The cumulative testimony speaks to a particularly powerful moment in which vital social movements converged in the second half of the twentieth century, every one of which featured Bella as a catalyst and creative force. It sheds light on how she mobilized followers and used whatever tools were at hand—the pressure of protest, the force of law, the give-and-take of the legislative process—to move forward on a broad agenda. And it gives insight into the personal qualities that fired her courage. Her life stands as an example of those rare and crucial public figures who stand up—and do so again and again, without losing faith—to speak truth to power.

1

The Early Years: A Passion for Social Justice

Chronology

My parents had the foresight to give birth to me in the year that women got the vote. I was born July 24, 1920, in a South Bronx apartment on Hoe Avenue. All the rooms were on one side of a hall that ran the length of the apartment. Mama and Papa shared a room, as did my grandparents (on Mama’s side). Uncle Julius, the youngest of Grandpa’s four sons, had a room. He lived with us until he married my gorgeous Aunt Janet. I think I slept in my parents’ room. My sister, Helene, slept on the couch.

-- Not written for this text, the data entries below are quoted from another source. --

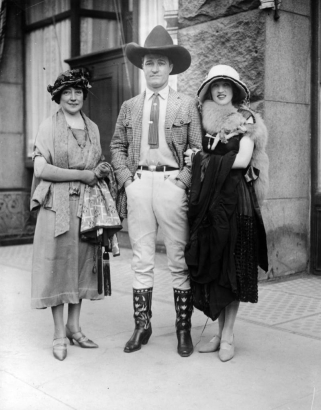 Actor Tom Mix poses with two unidentified women in Denver, Colorado. He wears a cowboy hat, boots, riding pants, coat, and tie. One woman wears a fur stole over her dress.
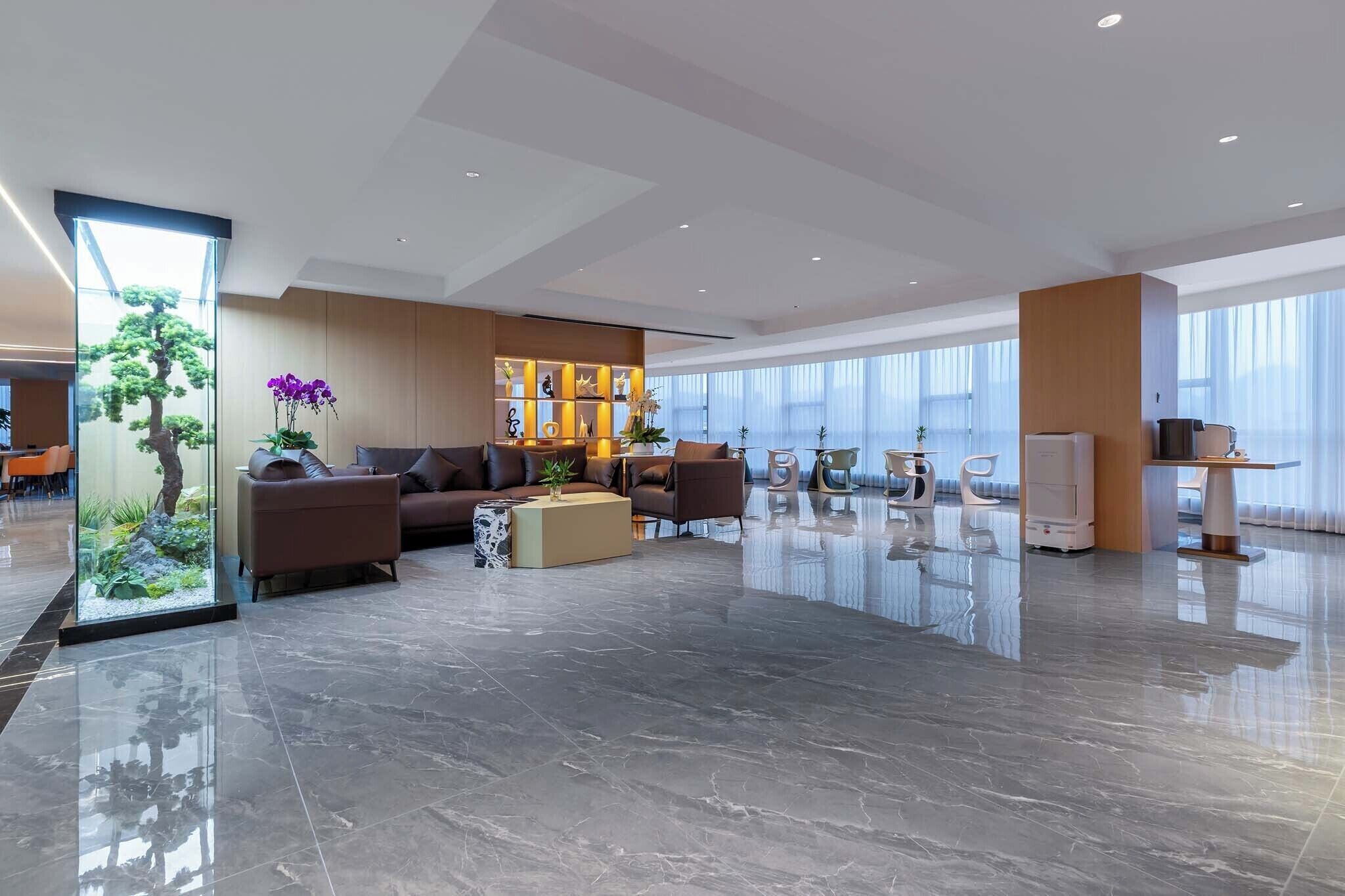 A modern hotel lobby with a seating area, a reception desk, and a large window providing natural light.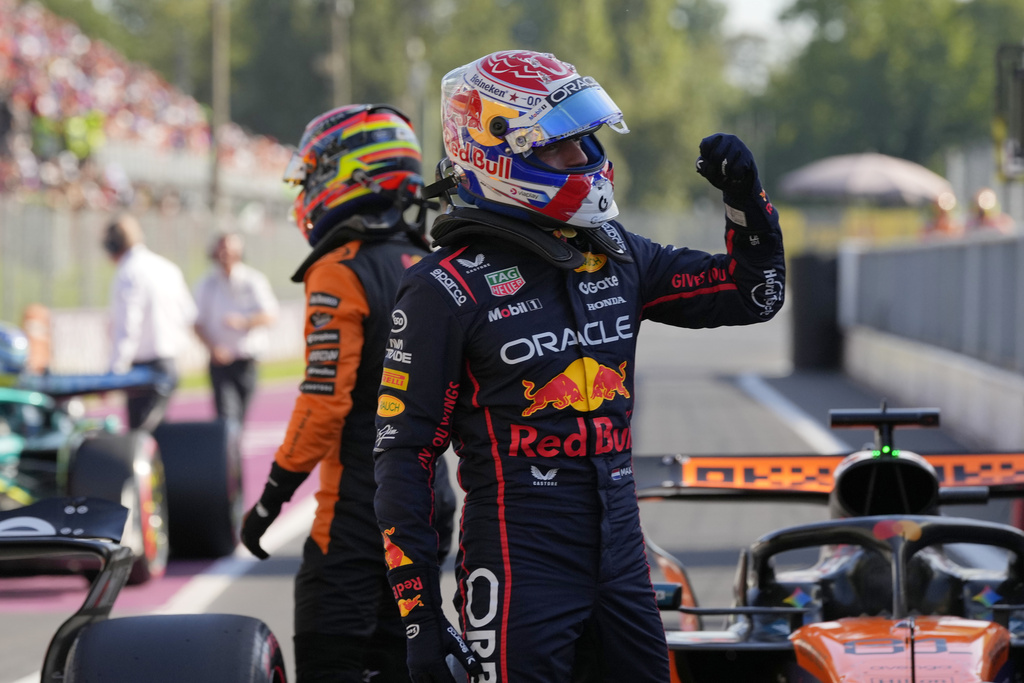 Red Bull driver Max Verstappen of the Netherlands celebrates his pole position after the qualifying session ahead of the Italian Grand Prix at the Monza racetrack in Monza, Italy, Saturday, Sept. 6, 2025. (AP Photo/Luca Bruno)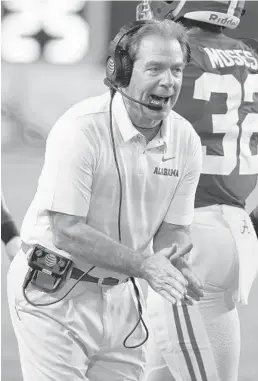  ?? WILFREDO LEE/AP ?? Alabama head coach Nick Saban cheers on his team during the second half of its Orange Bowl win over Oklahoma on Dec. 29.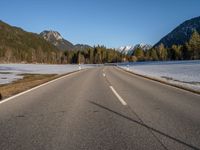 an empty road with snow capped mountains in the background and a car on the side driving on it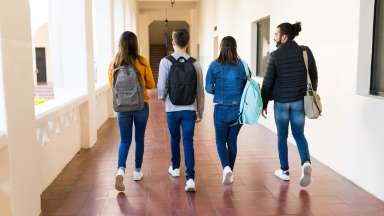 students walking in a hallway wearing backpacks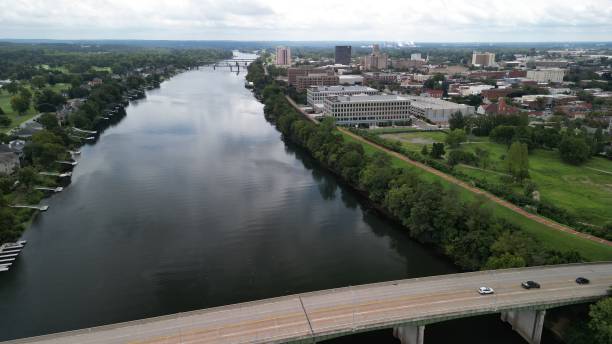 istock Bird's eye view of a river flowing between residential districts 1463703146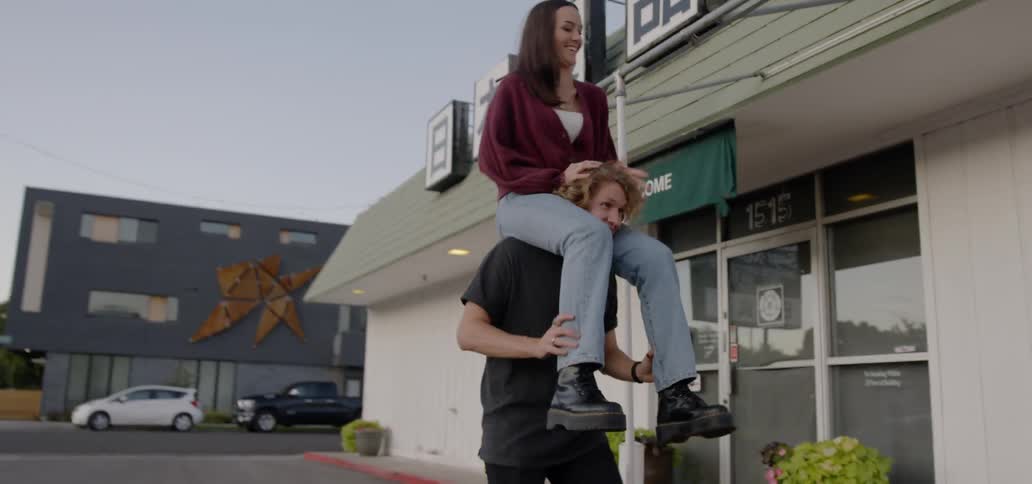 A young man carries a young woman on his shoulders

Papa was a serious man, but not too good at making a living. First he owned a laundry with his brother-in-law Geffen, but down went the laundry. Then he owned a dry stationery store—it sold no drinks. That didn’t work either. So my mother’s brother Hymie set him up in the butcher business. Papa put on a white coat, hired some butchers, and put up a sign over the store that read, Live and Let Live Meat Market. This was his philosophy, and his personal protest against the imperialist World War I.

Helene Savitzky Alexander When I was about fourteen, Bella’s and my father, Emanuel Savitzky, didn’t want me to be on the street with boys, so every Saturday, I came down to his store on Ninth Avenue in Manhattan. It was cold, and I would always get burned because I sat at this box with the heater. One of the butchers would give me a ticket, which I stamped and took in the money. Then the butcher went back and got the meat. The box had holes where you would put in the quarters, dimes, and nickels. The bills went underneath. On a Saturday, I would take in a thousand dollars—a lot in those days. Customers would come from across the river in Jersey. Bella was five years younger than I was, and she got so jealous that she started to come down and sell bags for shoppers to carry their provisions. She’d sell these paper bags along Ninth Avenue for maybe a nickel or a few pennies.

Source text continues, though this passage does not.